Stored records:
+---+

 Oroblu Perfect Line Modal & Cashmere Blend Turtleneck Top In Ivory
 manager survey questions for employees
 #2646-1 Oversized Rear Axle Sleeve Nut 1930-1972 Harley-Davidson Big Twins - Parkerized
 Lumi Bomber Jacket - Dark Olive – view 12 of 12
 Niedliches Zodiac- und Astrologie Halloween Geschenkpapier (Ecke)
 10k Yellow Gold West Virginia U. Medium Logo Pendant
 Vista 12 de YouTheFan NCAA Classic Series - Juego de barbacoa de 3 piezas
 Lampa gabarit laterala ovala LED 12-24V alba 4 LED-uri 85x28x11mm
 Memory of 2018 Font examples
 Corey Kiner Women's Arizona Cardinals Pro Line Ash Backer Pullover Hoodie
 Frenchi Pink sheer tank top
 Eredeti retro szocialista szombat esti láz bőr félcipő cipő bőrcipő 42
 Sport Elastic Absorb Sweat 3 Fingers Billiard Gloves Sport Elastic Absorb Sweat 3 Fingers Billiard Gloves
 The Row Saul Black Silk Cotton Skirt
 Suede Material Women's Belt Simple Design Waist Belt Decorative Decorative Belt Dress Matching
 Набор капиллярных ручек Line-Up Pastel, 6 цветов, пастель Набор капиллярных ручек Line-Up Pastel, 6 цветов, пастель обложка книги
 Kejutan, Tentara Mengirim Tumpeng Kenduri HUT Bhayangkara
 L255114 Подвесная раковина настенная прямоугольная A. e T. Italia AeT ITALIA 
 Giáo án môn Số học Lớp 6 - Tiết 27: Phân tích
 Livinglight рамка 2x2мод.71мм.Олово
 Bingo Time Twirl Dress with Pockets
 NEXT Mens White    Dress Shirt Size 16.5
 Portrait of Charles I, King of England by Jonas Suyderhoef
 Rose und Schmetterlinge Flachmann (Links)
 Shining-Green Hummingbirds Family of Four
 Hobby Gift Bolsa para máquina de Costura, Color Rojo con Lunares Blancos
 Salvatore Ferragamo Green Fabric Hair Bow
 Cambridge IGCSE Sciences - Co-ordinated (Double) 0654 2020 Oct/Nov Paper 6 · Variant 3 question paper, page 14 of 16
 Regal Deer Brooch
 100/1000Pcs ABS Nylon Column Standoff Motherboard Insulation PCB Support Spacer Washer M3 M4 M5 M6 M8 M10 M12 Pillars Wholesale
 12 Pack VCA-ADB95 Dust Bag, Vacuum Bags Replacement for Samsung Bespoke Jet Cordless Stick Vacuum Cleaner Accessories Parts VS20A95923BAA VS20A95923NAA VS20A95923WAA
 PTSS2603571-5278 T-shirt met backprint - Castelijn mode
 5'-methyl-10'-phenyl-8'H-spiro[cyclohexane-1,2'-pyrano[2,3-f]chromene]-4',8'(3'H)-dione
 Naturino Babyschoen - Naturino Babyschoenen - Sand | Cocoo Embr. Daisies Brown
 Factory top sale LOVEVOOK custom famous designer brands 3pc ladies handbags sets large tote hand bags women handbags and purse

+---+

▶ **PROBLEM**:
The records are to be repeated in full, exactly as they stand.

▶ **THE ANSWER**:
 Oroblu Perfect Line Modal & Cashmere Blend Turtleneck Top In Ivory
 manager survey questions for employees
 #2646-1 Oversized Rear Axle Sleeve Nut 1930-1972 Harley-Davidson Big Twins - Parkerized
 Lumi Bomber Jacket - Dark Olive – view 12 of 12
 Niedliches Zodiac- und Astrologie Halloween Geschenkpapier (Ecke)
 10k Yellow Gold West Virginia U. Medium Logo Pendant
 Vista 12 de YouTheFan NCAA Classic Series - Juego de barbacoa de 3 piezas
 Lampa gabarit laterala ovala LED 12-24V alba 4 LED-uri 85x28x11mm
 Memory of 2018 Font examples
 Corey Kiner Women's Arizona Cardinals Pro Line Ash Backer Pullover Hoodie
 Frenchi Pink sheer tank top
 Eredeti retro szocialista szombat esti láz bőr félcipő cipő bőrcipő 42
 Sport Elastic Absorb Sweat 3 Fingers Billiard Gloves Sport Elastic Absorb Sweat 3 Fingers Billiard Gloves
 The Row Saul Black Silk Cotton Skirt
 Suede Material Women's Belt Simple Design Waist Belt Decorative Decorative Belt Dress Matching
 Набор капиллярных ручек Line-Up Pastel, 6 цветов, пастель Набор капиллярных ручек Line-Up Pastel, 6 цветов, пастель обложка книги
 Kejutan, Tentara Mengirim Tumpeng Kenduri HUT Bhayangkara
 L255114 Подвесная раковина настенная прямоугольная A. e T. Italia AeT ITALIA 
 Giáo án môn Số học Lớp 6 - Tiết 27: Phân tích
 Livinglight рамка 2x2мод.71мм.Олово
 Bingo Time Twirl Dress with Pockets
 NEXT Mens White    Dress Shirt Size 16.5
 Portrait of Charles I, King of England by Jonas Suyderhoef
 Rose und Schmetterlinge Flachmann (Links)
 Shining-Green Hummingbirds Family of Four
 Hobby Gift Bolsa para máquina de Costura, Color Rojo con Lunares Blancos
 Salvatore Ferragamo Green Fabric Hair Bow
 Cambridge IGCSE Sciences - Co-ordinated (Double) 0654 2020 Oct/Nov Paper 6 · Variant 3 question paper, page 14 of 16
 Regal Deer Brooch
 100/1000Pcs ABS Nylon Column Standoff Motherboard Insulation PCB Support Spacer Washer M3 M4 M5 M6 M8 M10 M12 Pillars Wholesale
 12 Pack VCA-ADB95 Dust Bag, Vacuum Bags Replacement for Samsung Bespoke Jet Cordless Stick Vacuum Cleaner Accessories Parts VS20A95923BAA VS20A95923NAA VS20A95923WAA
 PTSS2603571-5278 T-shirt met backprint - Castelijn mode
 5'-methyl-10'-phenyl-8'H-spiro[cyclohexane-1,2'-pyrano[2,3-f]chromene]-4',8'(3'H)-dione
 Naturino Babyschoen - Naturino Babyschoenen - Sand | Cocoo Embr. Daisies Brown
 Factory top sale LOVEVOOK custom famous designer brands 3pc ladies handbags sets large tote hand bags women handbags and purse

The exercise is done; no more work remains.